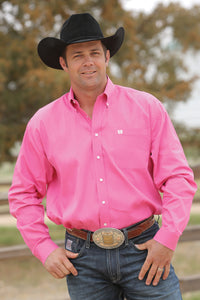 CINCH Men's Solid Pink Button-Down Western Shirt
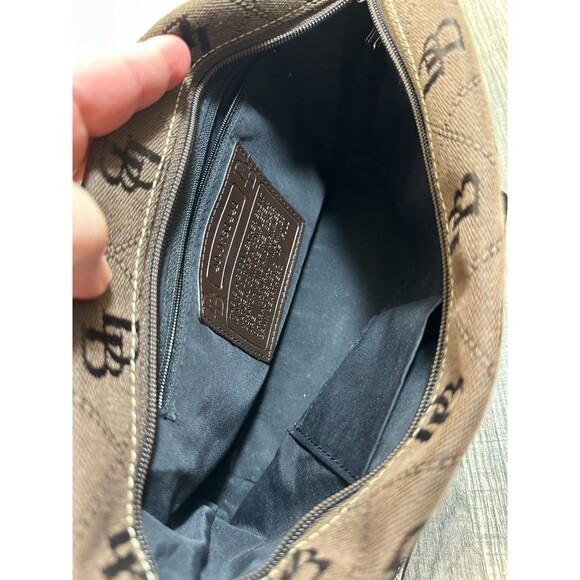 Dooney & Bourke Monogram Brown/Chocolate Small Hobo Shoulder Bag Authentic - Picture 4 of 16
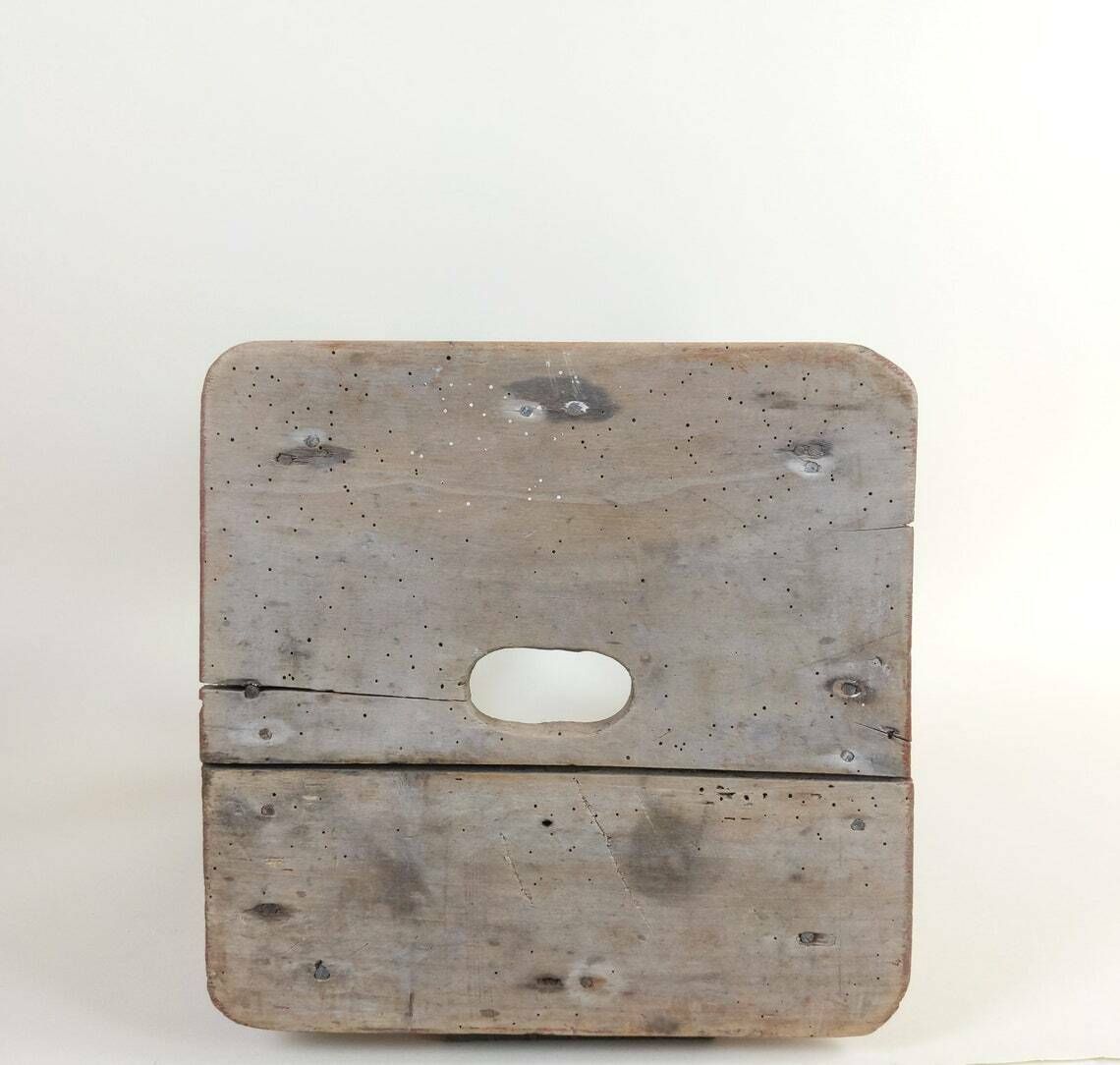 photo for sale Primitive Antique 1920s Rustic French Four Leg Wood Stool For A Machinists Atelier In Wabi Sabi Style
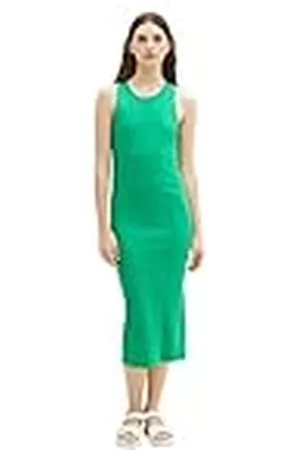 TOM TAILOR Dames 1037256 jurk, 17327-Vibrant Light Green, S, , S
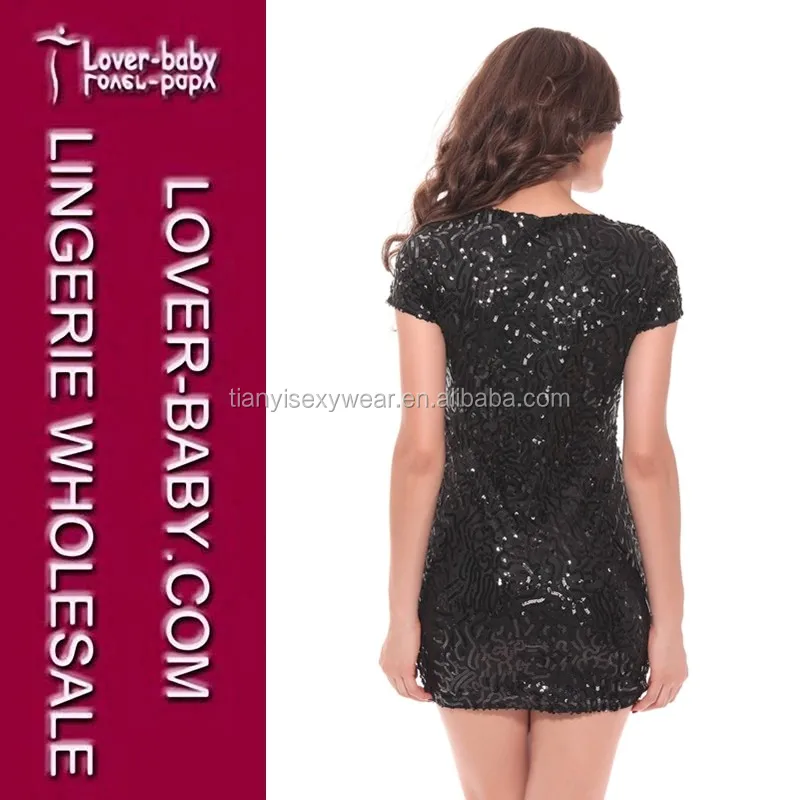 Night Outwear One Piece V Neck Sequin Women Party Dresses Sexy Short Sleeves Black Dress Evening Club Wear Buy Evening Club Wear Party Evening Club Wear Women Party Evening Club Wear Product On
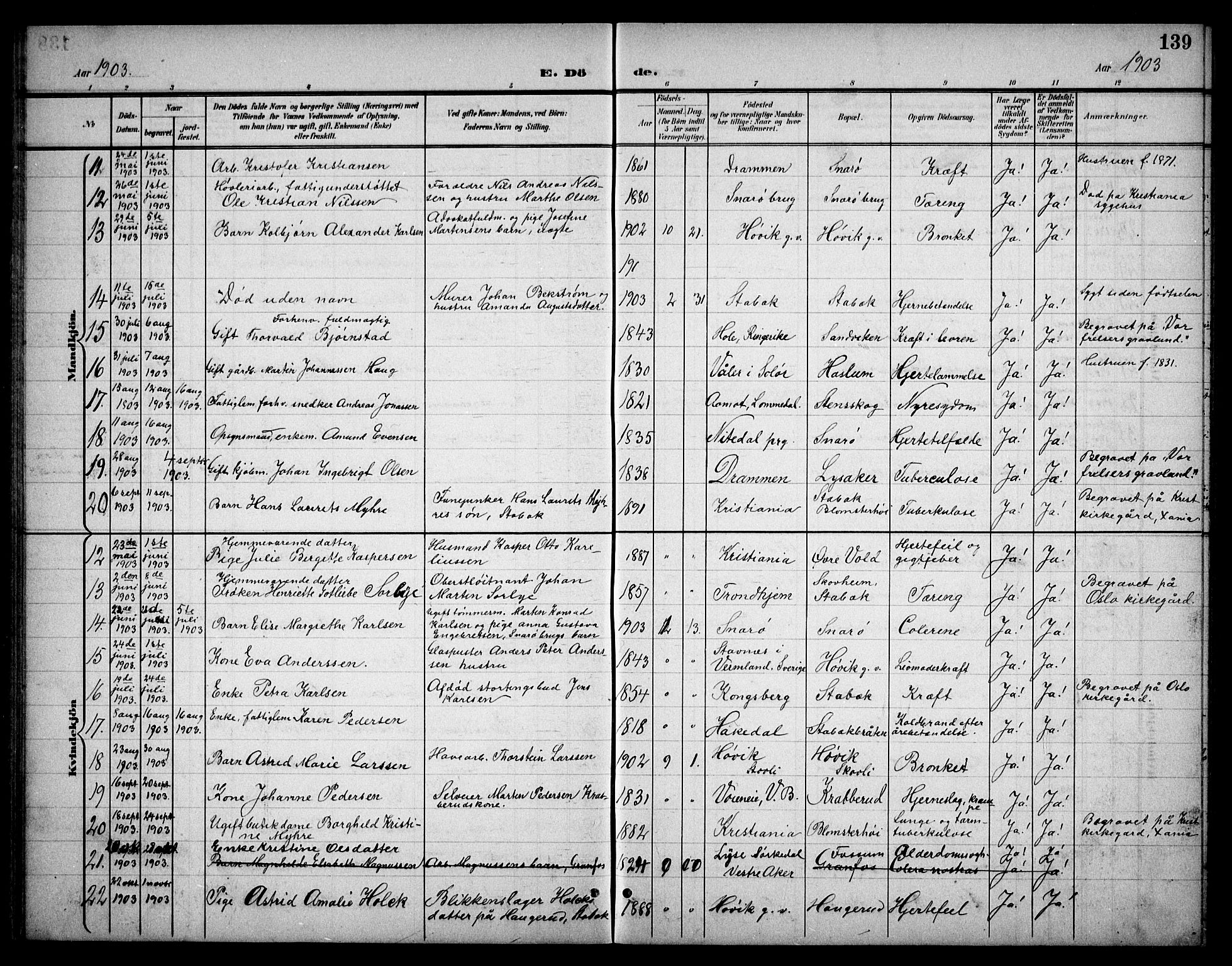 Østre Bærum prestekontor Kirkebøker, AV/SAO-A-10887/G/Ga/L0001: Klokkerbok nr. 1, 1898-1913, s. 139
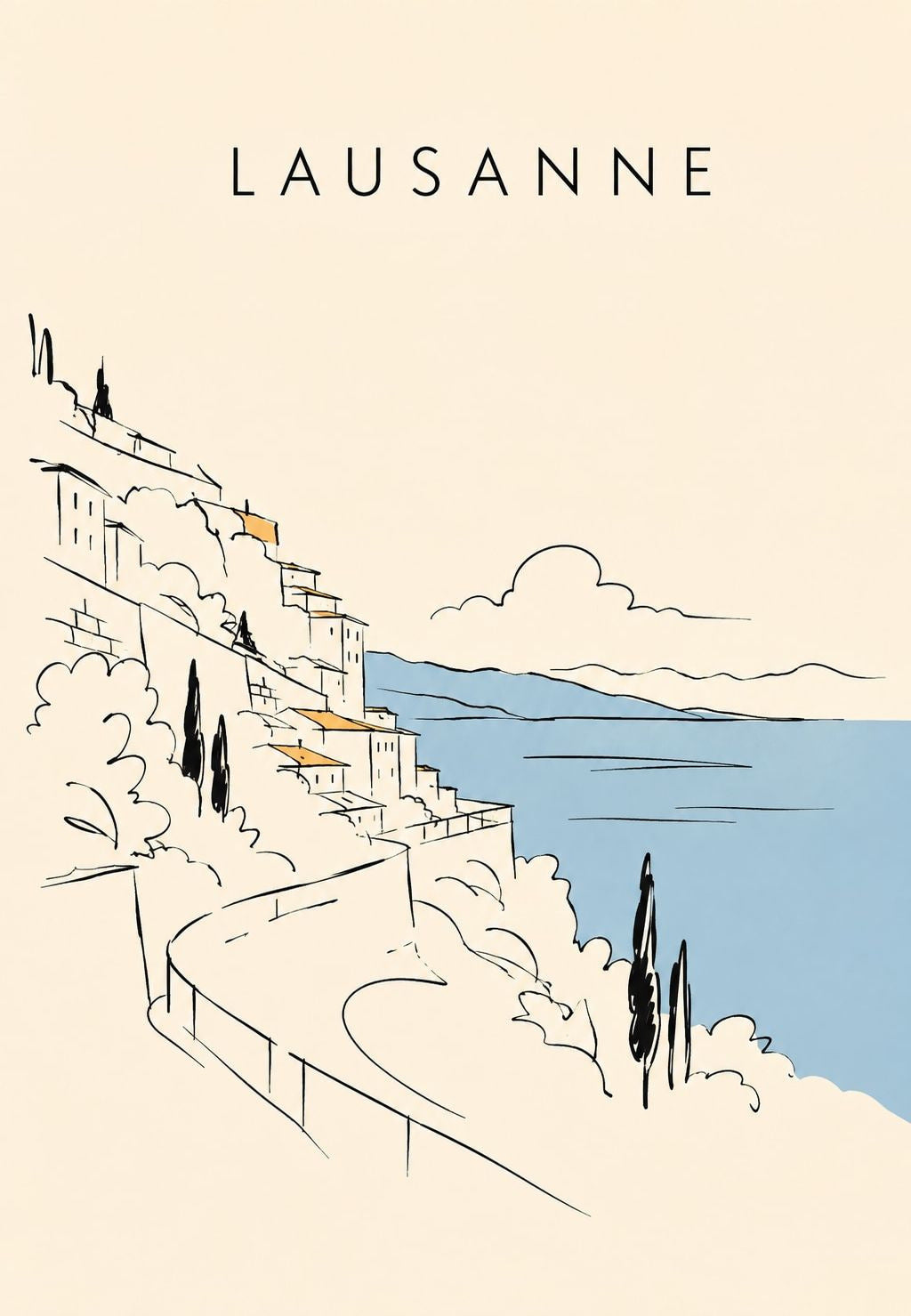 Lausanne, the Descent to the Lake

____________

In the copy, omit the pictures and reproduce every entry exactly.

*Result:*
 CINCH Men's Solid Pink Button-Down Western Shirt
 Dooney & Bourke Monogram Brown/Chocolate Small Hobo Shoulder Bag Authentic - Picture 4 of 16
 photo for sale Primitive Antique 1920s Rustic French Four Leg Wood Stool For A Machinists Atelier In Wabi Sabi Style
 TOM TAILOR Dames 1037256 jurk, 17327-Vibrant Light Green, S, , S
 Night Outwear One Piece V Neck Sequin Women Party Dresses Sexy Short Sleeves Black Dress Evening Club Wear Buy Evening Club Wear Party Evening Club Wear Women Party Evening Club Wear Product On
 Østre Bærum prestekontor Kirkebøker, AV/SAO-A-10887/G/Ga/L0001: Klokkerbok nr. 1, 1898-1913, s. 139
 Lausanne, the Descent to the Lake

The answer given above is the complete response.